There are different types of theories that define and explain the applicability of motivation. The definition theories work around a circle, where the person is the centre of investigation for independent action, reaction and expectation. These characteristics create a specific motivation for each person depending on individual and group circumstances. By analysing these circumstances, it is possible to create a motivational strategy to implement. Subsequently, evaluating the response to the motivation strategy created.

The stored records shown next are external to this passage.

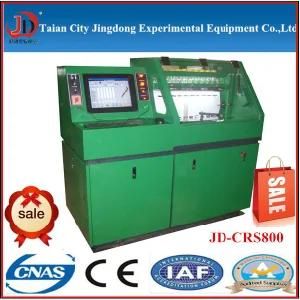Jd-Crs800 Common Rail Injector Test Bench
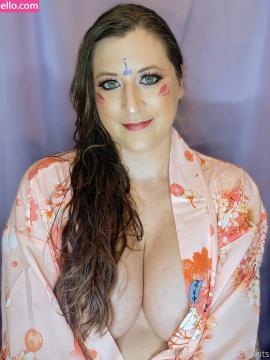 Lady Kitsune / kimono_kitsune / kimonokitsune Nude Leaks OnlyFans - Fapello — photo 88 of 101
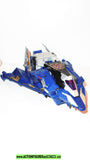 Transformers Cybertron SOUNDWAVE 7 inch Complete laserbeak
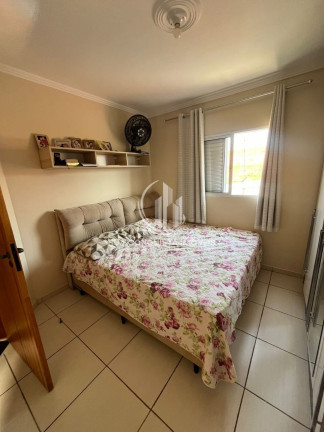 Imagem Apartamento com 2 Quartos à Venda, 64 m² em Parque Santos Dumont - Votorantim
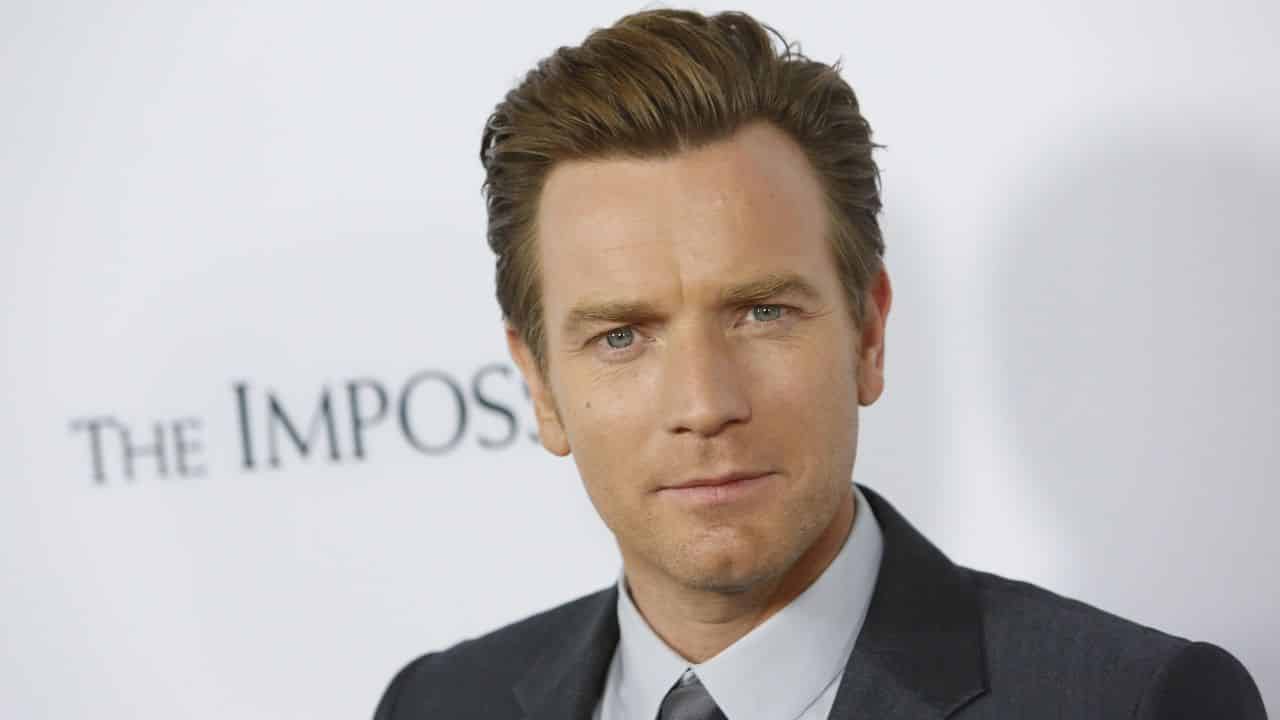 Ewan McGregor in trattative per il live-action di Winnie the Pooh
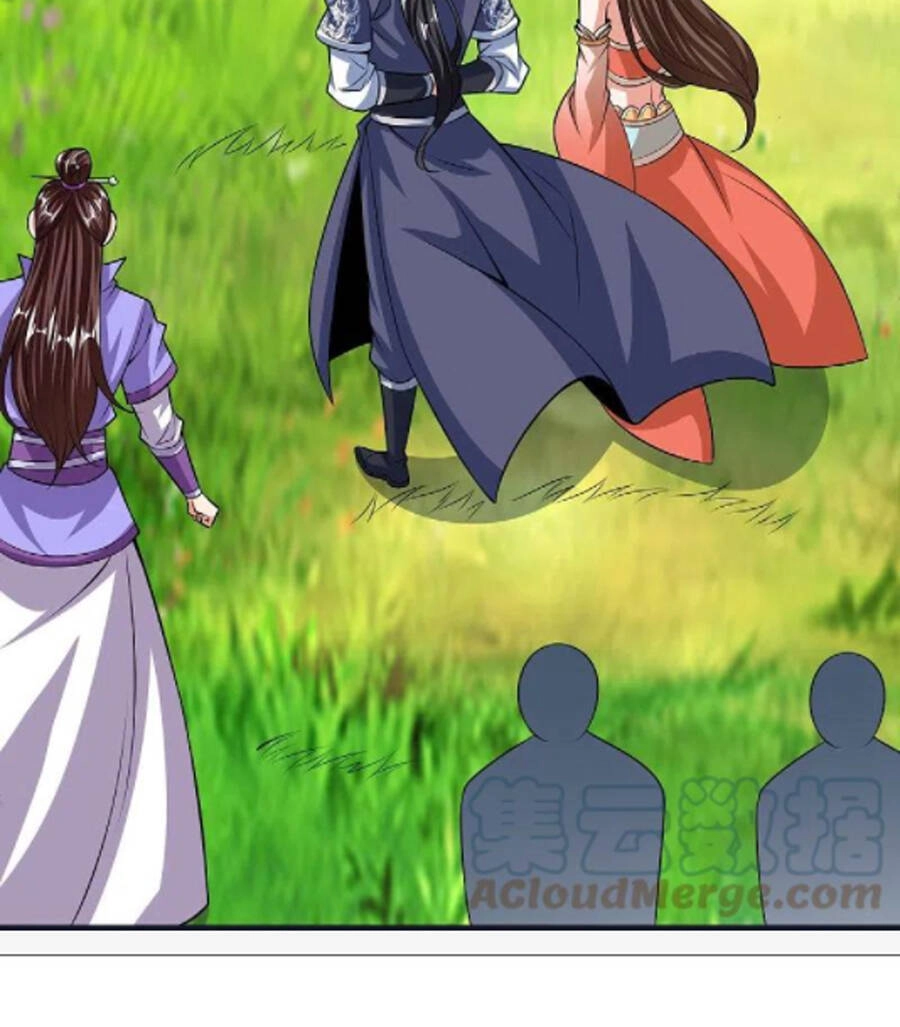 Chí Tôn Trời Hoang Chapter 68 - 18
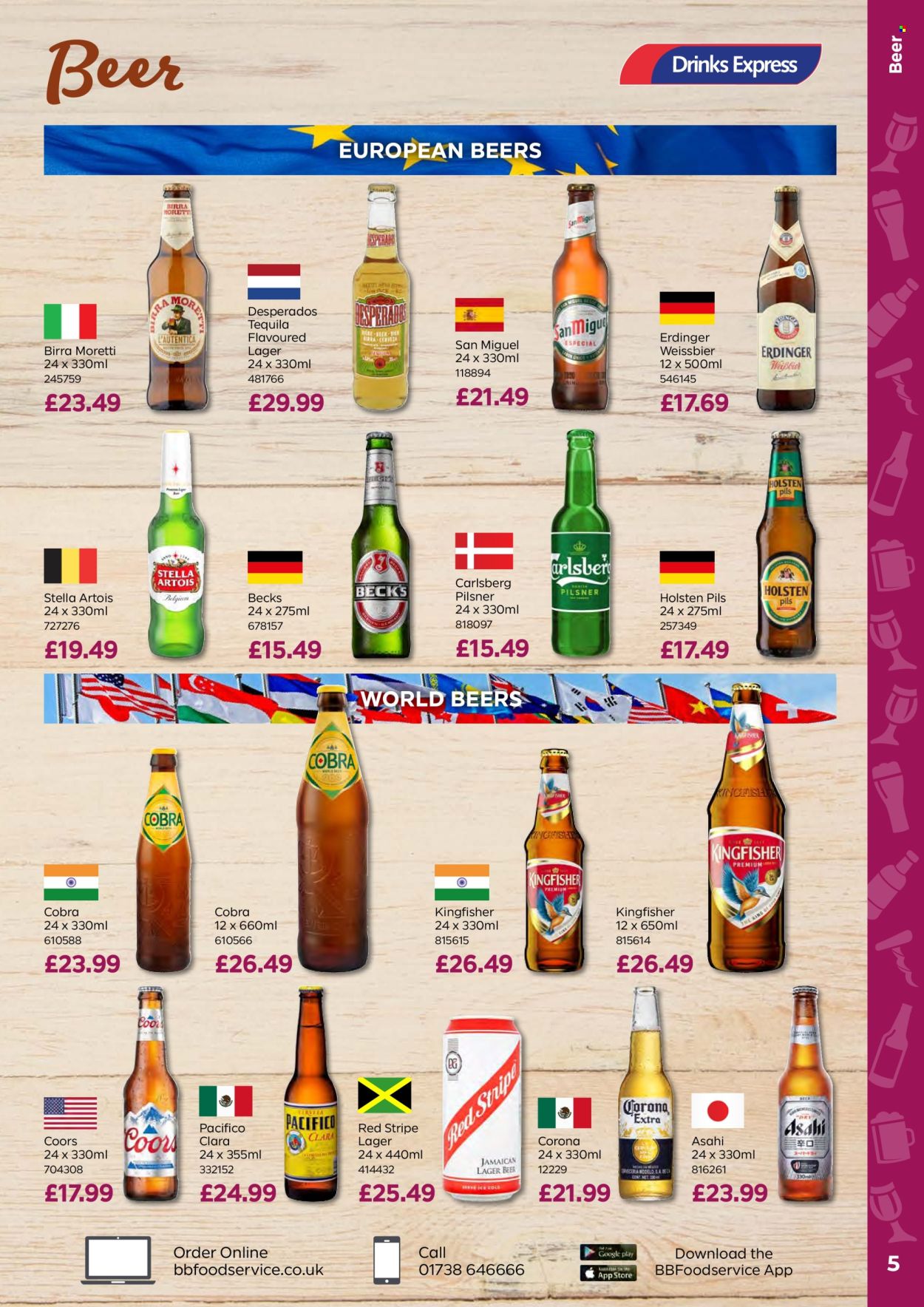 Bestway offer - 21/06/2024 - 15/08/2024. Page 5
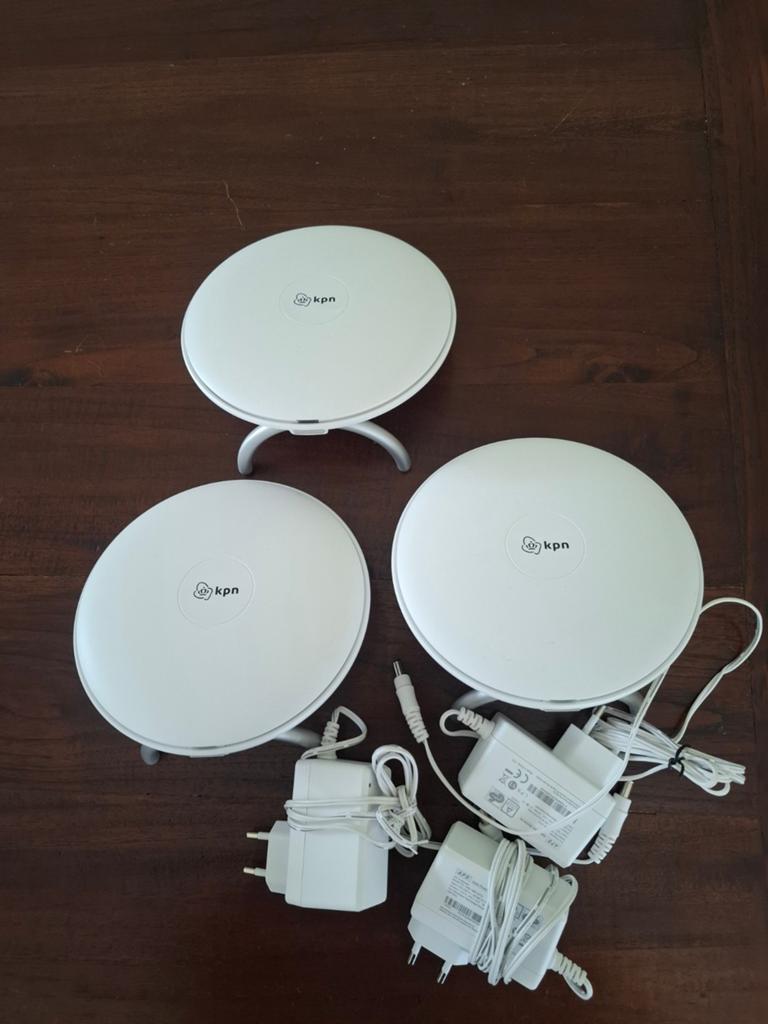 KPN WiFi versterkers, Computers en Software, WiFi-versterkers, Ophalen of Verzenden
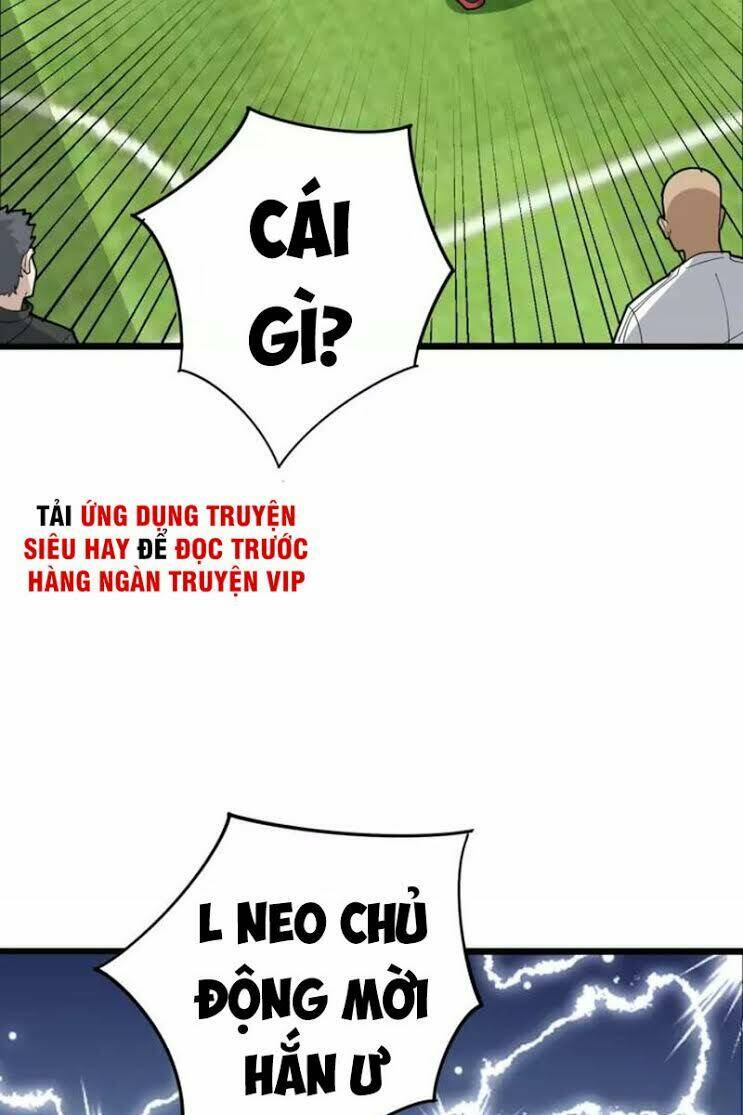 Độc Thủ Vu Y Tập 104 trang 31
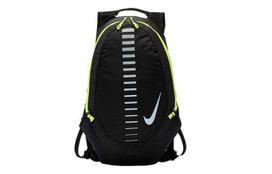 Nike Poliamido Kuprinė Įprasta Unisex Juoda AC4168-054 black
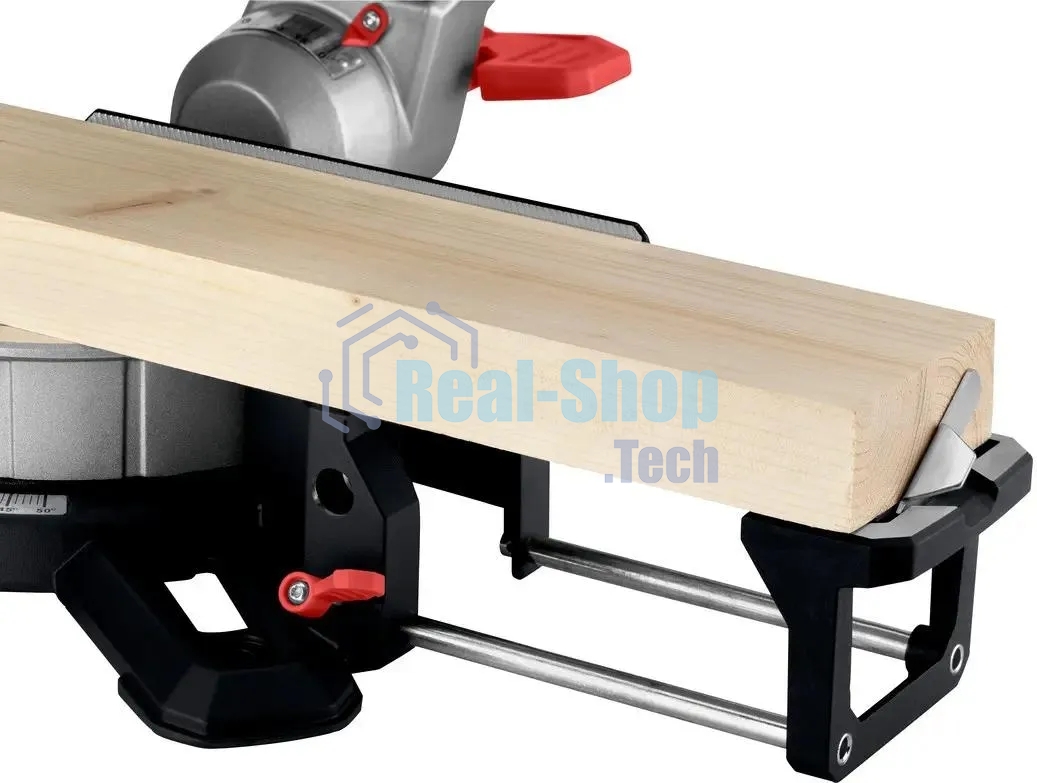 Торцовочная пила Metabo KGS 216 M 1500Вт 5000об/мин d=216мм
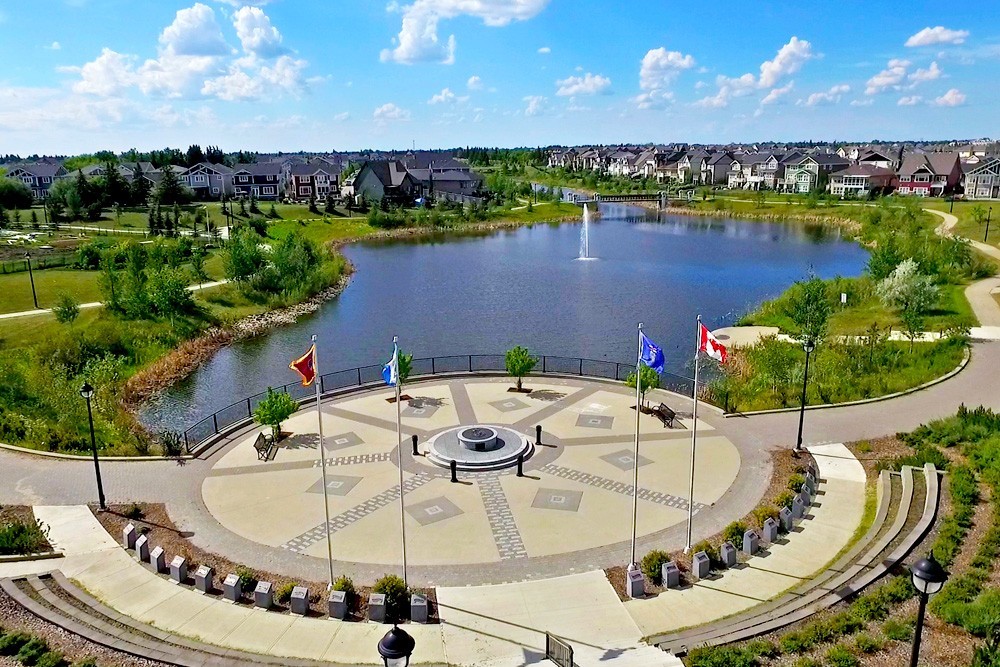 Le meilleur quartier pour les milléniaux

The fundament of these theories is that “they are concerned with identifying people's needs, their relative strengths and the goals they pursue in order to satisfy these needs” (Mullins 1985, p 5). One of the characteristics of the expectancy theory is the anticipation that a person can have about the result of a specific action. The expectative of this action depends of how much effort is intended to do. For instance, when I was 12 years old I liked one special bicycle, but I didn’t have the money to buy it. I talked with my parents and they said that they would buy it if I helped creating the garden in the house for three weeks. I agreed, even though I knew I couldn’t play with my friends during those weeks. This was hard, but after the three weeks I got my bicycle. I worked very hard for it and I will never forget it. My expectative was that if I worked for these three weeks, I would have my present. The motivation that my parents created, gave me an expectative, and later, a satisfaction in my life.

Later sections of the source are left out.